Protease inhibitors are a type of antiviral pharmaceutical designed to fight HIV/AIDS and hepatitis C. Protease inhibitors prevent the virus from replicating by binding to the virus’ proteases and blocking the proteins responsible for virus replication.
The first protease inhibitor approved by the FDA in 1995 was Saquinavir, known by the trade names Fortovase and Invirase. Other protease inhibitors include Norvir, Cirixivan, Viracept, Agenarase, Kaletra, Aptivus, and Prezista. As with any drugs that specifically target a virus, much like antibiotics, there is a risk of drug-resistance developing. In order to reduce this risk, these drugs are usually given in combination, called a drug cocktail.
A protease is an enzyme, found in animals, plants, bacteria, archea and viruses. They initiate protein catabolism, breaking down molecules into smaller units in order to release energy. HIV is a retrovirus that attacks the human immune system, largely through CD4+ T cells.

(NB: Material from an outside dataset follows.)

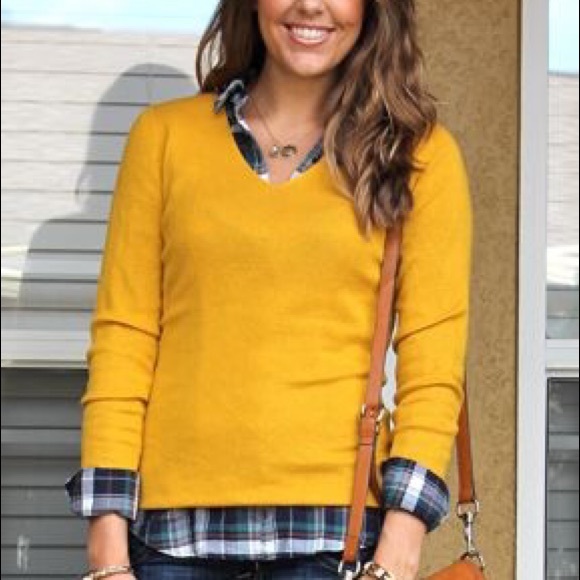 WILA Sweaters - LAST 1☀️ mustard yellow v neck sweater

It was David Ho who pioneered the use of protease inhibitors in combatting HIV/AIDS. There are known side effects to protease inhibitors, including lipodystrophy (loss of fat cells in the face), hyperlipidaemia (elevated lipids in the blood), type 2 diabetes, and kidney stones. However, protease inhibitors are also being employed to fight cancer, Chagas disease and malaria.